Mayısa daha çok var sen yakın zamandan bahset derseniz bu hafta sonu Alaçatı Ot Festivali var. Festival tarihlerinde hep İzmir’de oluyordum ama bir türlü gitme fırsatım olmamıştı. Bu yıl 6.sı düzenleniyor, şimdilik gitmeyi düşünüyoruz ama bakalım, kısmet 🙂
Gitmeden önce bir ön araştırma yapayım, dur bakalım nereden çıkmış bu ot festivali derken; Alaçatı ot festivalinin resmi sitesinde yapılış amacı olarak Alaçatı’nın doğasını, otlarının çeşitliliğini ve bu otlarla pişirilen geleneksel yemeklerin tanıtımı için festival yapmaya karar verildiğini açıkladıklarını gördüm. Yani siz gelin gezmeye biz baharda gelebilmeniz için de bir neden buluruz demişler.

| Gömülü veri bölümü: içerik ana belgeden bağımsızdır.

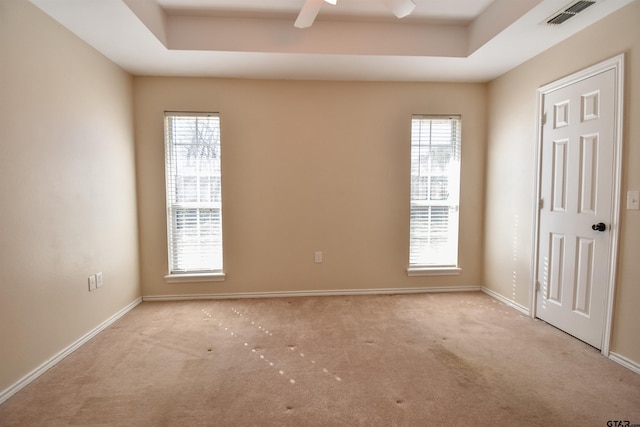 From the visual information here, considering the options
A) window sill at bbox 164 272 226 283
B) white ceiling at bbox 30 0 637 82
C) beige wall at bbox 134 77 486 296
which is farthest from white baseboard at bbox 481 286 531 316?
window sill at bbox 164 272 226 283

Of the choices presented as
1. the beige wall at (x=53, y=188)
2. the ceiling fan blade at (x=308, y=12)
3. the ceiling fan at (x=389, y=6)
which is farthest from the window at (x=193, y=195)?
the ceiling fan at (x=389, y=6)

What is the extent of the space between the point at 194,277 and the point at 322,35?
9.36 ft

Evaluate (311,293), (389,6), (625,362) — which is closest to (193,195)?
(311,293)

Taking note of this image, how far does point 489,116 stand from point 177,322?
13.5 feet

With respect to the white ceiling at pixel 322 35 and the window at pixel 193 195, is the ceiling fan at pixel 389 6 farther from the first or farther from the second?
the window at pixel 193 195

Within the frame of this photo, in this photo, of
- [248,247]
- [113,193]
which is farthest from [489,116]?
[113,193]

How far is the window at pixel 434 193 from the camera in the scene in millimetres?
3396

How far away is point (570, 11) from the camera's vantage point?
6.64ft

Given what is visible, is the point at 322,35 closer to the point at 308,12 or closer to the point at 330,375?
the point at 308,12

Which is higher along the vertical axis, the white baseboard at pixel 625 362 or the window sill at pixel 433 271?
the window sill at pixel 433 271

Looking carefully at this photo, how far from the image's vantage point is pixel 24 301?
1847 mm

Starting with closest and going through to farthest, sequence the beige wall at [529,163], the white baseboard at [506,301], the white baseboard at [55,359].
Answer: the white baseboard at [55,359]
the beige wall at [529,163]
the white baseboard at [506,301]

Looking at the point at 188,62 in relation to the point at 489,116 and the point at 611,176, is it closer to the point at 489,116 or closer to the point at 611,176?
the point at 489,116

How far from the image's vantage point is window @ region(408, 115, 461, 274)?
134 inches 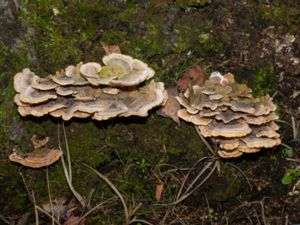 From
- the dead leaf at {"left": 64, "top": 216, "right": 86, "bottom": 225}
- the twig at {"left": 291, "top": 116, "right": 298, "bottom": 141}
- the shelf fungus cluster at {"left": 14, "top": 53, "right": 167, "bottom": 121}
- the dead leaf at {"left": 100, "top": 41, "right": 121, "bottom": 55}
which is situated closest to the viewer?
the shelf fungus cluster at {"left": 14, "top": 53, "right": 167, "bottom": 121}

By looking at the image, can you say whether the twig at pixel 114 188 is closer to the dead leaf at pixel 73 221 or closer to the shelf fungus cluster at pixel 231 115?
the dead leaf at pixel 73 221

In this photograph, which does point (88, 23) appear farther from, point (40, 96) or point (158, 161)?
point (158, 161)

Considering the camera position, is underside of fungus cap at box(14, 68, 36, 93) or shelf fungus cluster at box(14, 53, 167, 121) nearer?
shelf fungus cluster at box(14, 53, 167, 121)

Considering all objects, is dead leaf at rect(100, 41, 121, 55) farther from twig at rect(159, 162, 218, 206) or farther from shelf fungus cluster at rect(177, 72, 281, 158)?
twig at rect(159, 162, 218, 206)

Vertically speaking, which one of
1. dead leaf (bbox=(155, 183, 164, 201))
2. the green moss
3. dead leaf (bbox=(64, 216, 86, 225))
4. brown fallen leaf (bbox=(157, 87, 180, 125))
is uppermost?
the green moss

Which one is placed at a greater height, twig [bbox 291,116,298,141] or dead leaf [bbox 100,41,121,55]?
dead leaf [bbox 100,41,121,55]

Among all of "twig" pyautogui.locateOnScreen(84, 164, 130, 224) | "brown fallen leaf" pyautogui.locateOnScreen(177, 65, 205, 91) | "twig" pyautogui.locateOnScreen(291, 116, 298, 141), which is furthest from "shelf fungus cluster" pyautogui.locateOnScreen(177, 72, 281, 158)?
"twig" pyautogui.locateOnScreen(84, 164, 130, 224)

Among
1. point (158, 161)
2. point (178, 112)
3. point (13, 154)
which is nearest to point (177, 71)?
point (178, 112) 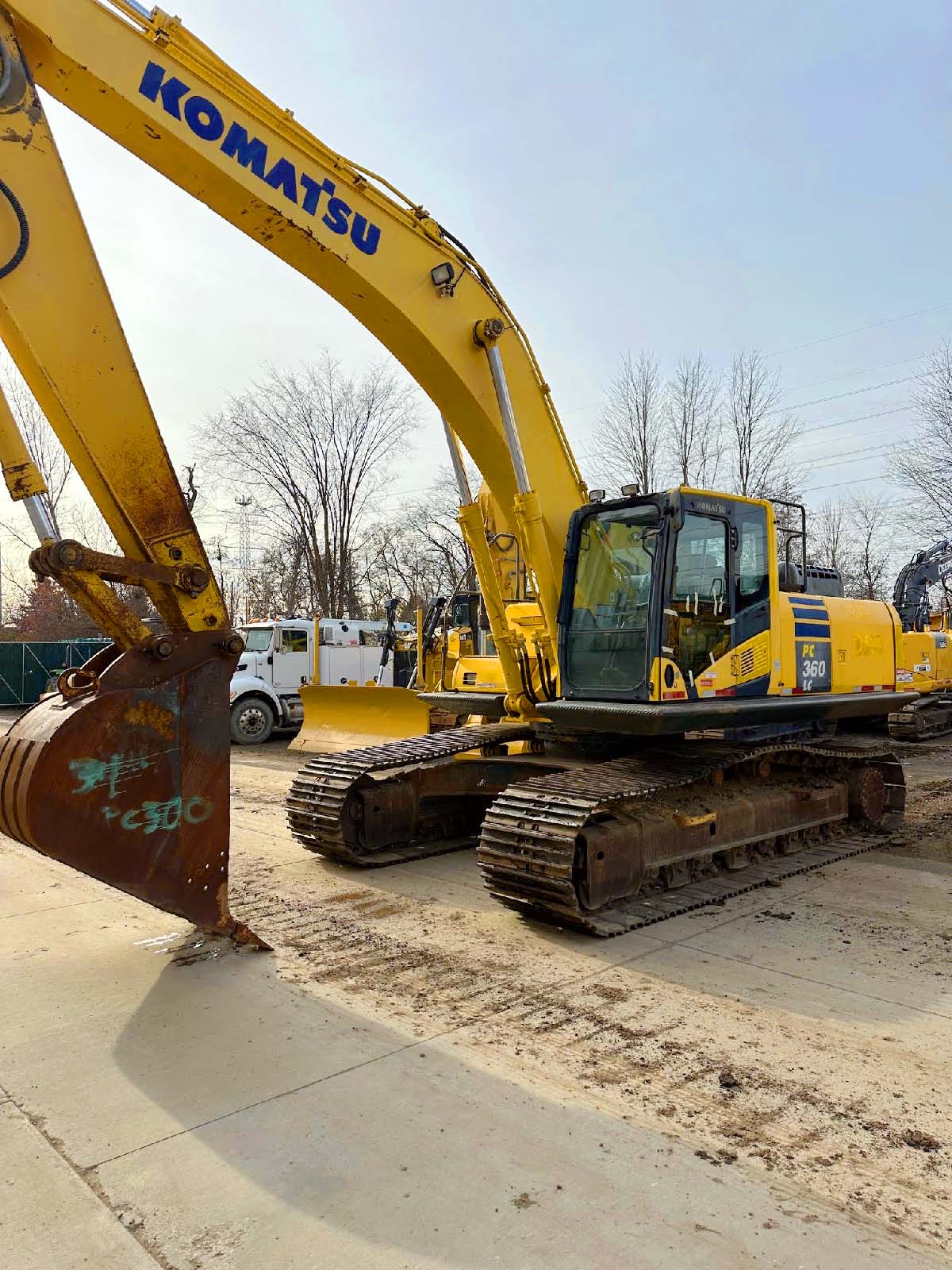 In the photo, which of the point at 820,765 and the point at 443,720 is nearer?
the point at 820,765

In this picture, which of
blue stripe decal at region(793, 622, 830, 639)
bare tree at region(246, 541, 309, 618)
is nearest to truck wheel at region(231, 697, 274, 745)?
blue stripe decal at region(793, 622, 830, 639)

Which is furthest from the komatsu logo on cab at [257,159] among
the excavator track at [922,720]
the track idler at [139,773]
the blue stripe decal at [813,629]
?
the excavator track at [922,720]

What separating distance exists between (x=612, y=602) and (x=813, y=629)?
6.67 feet

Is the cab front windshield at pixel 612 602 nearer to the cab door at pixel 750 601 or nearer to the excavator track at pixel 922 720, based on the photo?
the cab door at pixel 750 601

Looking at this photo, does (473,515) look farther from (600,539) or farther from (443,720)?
(443,720)

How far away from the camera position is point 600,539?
21.7 ft

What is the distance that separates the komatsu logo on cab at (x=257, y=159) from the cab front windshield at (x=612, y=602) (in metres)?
2.43

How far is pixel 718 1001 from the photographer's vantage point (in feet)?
14.2

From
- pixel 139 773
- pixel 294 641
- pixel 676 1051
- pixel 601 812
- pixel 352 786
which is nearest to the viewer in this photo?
pixel 676 1051

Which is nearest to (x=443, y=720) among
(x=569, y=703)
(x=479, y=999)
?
(x=569, y=703)

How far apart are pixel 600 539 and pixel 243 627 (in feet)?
38.2

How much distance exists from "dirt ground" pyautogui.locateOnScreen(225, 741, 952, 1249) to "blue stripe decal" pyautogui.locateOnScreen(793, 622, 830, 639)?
1.80m

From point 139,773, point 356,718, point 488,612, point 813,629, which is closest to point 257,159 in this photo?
point 139,773

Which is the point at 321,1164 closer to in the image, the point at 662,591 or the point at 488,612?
the point at 662,591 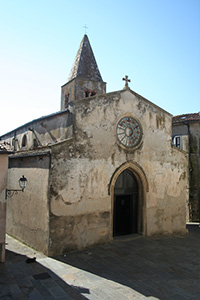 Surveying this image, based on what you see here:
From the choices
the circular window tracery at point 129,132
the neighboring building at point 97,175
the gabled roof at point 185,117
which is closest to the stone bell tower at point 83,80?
the neighboring building at point 97,175

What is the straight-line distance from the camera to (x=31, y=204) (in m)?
10.6

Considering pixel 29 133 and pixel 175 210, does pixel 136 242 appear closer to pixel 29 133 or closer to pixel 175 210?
pixel 175 210

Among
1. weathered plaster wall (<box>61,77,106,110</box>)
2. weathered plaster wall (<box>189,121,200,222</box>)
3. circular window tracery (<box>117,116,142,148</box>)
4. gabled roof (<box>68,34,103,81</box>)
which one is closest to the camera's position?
circular window tracery (<box>117,116,142,148</box>)

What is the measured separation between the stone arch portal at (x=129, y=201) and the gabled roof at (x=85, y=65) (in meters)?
7.16

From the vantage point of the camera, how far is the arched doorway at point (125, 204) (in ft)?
40.0

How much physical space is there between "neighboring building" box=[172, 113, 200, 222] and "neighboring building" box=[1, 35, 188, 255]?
503 centimetres

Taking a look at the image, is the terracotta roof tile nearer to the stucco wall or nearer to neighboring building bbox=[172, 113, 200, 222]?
neighboring building bbox=[172, 113, 200, 222]

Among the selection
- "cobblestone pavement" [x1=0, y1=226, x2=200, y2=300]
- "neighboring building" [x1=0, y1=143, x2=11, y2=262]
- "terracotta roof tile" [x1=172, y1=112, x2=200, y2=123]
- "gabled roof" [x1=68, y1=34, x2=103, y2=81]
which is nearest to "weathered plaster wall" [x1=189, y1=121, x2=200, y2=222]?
"terracotta roof tile" [x1=172, y1=112, x2=200, y2=123]

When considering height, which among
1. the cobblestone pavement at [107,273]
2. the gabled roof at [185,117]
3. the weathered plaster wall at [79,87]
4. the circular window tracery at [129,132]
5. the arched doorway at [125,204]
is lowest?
the cobblestone pavement at [107,273]

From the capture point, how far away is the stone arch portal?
12.2 meters

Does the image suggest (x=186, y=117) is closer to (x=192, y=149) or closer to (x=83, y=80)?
(x=192, y=149)

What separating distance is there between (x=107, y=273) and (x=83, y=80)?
11.4m

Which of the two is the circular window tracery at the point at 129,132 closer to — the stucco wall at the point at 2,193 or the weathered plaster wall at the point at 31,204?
the weathered plaster wall at the point at 31,204

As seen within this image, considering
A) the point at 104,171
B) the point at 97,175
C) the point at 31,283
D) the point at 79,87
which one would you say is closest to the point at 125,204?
the point at 104,171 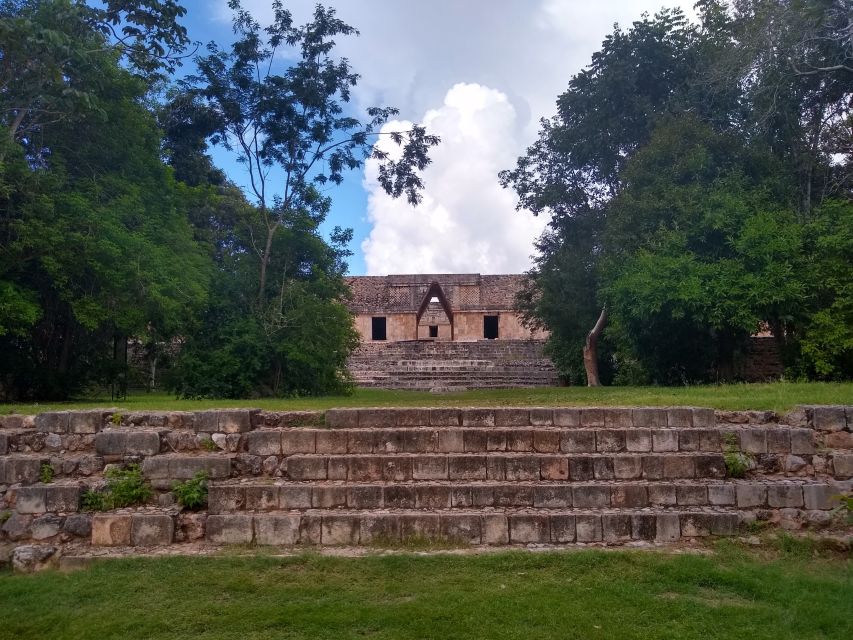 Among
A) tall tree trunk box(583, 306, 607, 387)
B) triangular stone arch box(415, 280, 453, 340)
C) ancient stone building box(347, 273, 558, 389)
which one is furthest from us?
triangular stone arch box(415, 280, 453, 340)

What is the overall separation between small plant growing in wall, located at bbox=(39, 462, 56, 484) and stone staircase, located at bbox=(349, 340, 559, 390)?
1509cm

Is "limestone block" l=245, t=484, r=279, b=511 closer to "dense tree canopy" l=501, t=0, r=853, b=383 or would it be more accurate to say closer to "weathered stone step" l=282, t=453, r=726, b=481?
"weathered stone step" l=282, t=453, r=726, b=481

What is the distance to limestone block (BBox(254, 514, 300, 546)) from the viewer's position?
537 cm

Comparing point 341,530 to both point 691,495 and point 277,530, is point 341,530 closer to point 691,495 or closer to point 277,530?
point 277,530

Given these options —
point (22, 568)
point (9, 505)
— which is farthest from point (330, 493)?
point (9, 505)

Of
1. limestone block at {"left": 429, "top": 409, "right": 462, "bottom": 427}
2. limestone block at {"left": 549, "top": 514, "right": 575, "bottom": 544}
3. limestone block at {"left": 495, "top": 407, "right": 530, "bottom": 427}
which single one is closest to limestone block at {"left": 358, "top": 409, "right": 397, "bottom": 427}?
limestone block at {"left": 429, "top": 409, "right": 462, "bottom": 427}

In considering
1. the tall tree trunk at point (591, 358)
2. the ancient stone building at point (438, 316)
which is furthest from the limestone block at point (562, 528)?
the ancient stone building at point (438, 316)

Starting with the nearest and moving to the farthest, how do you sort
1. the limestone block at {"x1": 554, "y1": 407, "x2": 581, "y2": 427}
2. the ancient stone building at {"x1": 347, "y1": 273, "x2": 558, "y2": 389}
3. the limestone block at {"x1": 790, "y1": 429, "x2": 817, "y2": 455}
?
the limestone block at {"x1": 790, "y1": 429, "x2": 817, "y2": 455}, the limestone block at {"x1": 554, "y1": 407, "x2": 581, "y2": 427}, the ancient stone building at {"x1": 347, "y1": 273, "x2": 558, "y2": 389}

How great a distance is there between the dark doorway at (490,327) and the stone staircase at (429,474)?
77.4 feet

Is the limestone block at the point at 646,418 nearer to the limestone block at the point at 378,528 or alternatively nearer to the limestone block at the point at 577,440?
the limestone block at the point at 577,440

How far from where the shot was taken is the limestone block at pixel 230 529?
540cm

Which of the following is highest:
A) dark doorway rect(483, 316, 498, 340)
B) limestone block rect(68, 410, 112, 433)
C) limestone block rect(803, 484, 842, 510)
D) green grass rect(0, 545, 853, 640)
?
dark doorway rect(483, 316, 498, 340)

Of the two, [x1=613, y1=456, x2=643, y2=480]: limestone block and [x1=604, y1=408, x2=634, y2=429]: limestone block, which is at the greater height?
[x1=604, y1=408, x2=634, y2=429]: limestone block

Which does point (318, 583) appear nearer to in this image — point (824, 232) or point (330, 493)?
point (330, 493) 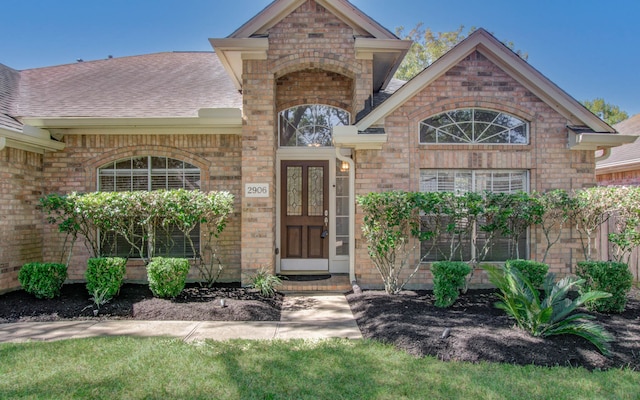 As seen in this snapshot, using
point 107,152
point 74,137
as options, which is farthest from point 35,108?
point 107,152

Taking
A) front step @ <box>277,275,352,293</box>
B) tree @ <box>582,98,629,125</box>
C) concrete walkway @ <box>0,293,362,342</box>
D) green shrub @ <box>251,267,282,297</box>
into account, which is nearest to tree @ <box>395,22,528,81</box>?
tree @ <box>582,98,629,125</box>

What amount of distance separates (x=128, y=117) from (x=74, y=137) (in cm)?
135

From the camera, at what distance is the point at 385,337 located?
444 centimetres

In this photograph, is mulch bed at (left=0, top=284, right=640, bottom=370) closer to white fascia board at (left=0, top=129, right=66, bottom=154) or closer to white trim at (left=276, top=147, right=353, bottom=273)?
white trim at (left=276, top=147, right=353, bottom=273)

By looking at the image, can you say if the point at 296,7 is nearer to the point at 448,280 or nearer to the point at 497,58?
the point at 497,58

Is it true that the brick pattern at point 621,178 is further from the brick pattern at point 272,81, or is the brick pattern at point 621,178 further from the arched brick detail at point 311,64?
the arched brick detail at point 311,64

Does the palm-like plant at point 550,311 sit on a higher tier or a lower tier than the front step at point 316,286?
higher

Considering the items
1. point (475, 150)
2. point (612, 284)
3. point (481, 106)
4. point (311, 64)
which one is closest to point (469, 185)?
point (475, 150)

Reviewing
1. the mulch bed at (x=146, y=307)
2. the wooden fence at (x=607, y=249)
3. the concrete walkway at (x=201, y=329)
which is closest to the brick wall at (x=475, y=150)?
the wooden fence at (x=607, y=249)

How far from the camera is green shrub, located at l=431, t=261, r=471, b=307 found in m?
5.48

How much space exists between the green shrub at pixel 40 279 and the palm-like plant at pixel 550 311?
6509 mm

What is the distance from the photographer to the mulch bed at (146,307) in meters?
5.35

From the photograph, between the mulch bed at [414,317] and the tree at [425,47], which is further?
the tree at [425,47]

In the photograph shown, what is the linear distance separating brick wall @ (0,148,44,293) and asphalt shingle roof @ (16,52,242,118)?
1.13m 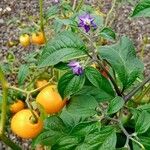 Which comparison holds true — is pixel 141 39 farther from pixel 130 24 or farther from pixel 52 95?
pixel 52 95

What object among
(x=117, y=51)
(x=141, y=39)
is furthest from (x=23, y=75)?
(x=141, y=39)

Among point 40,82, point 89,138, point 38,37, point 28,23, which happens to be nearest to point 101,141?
point 89,138

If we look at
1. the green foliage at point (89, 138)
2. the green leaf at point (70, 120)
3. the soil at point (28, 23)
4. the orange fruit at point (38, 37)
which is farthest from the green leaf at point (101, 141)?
the soil at point (28, 23)

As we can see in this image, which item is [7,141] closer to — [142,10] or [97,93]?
[97,93]

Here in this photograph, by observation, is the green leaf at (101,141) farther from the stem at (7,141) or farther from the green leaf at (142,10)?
the stem at (7,141)

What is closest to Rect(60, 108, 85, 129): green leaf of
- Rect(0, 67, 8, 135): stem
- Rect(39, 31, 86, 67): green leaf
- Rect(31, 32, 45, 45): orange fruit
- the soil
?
Rect(0, 67, 8, 135): stem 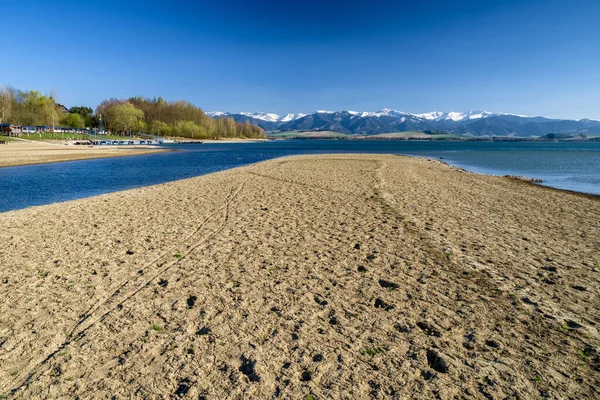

Festivalde her yıl bir ana tema belirleniyormuş, onu da araştırmalarım sırasında öğrendim. Bu senenin ana teması ise Ebegümeci… Ot yemeği seven Egelilerin böreklerde, ot kavurmalarında kullandığı bir ot çeşidi. Şahsen bende Egeliyim ama bir türlü alışamadım bu ot yemeklerine 🙂 festival sırasında gitmişken tadarım birkaç ot yemeği artık. Ot festivaline gidip, ot yemeden dönmeyim, en azından bir otlu börek yerim.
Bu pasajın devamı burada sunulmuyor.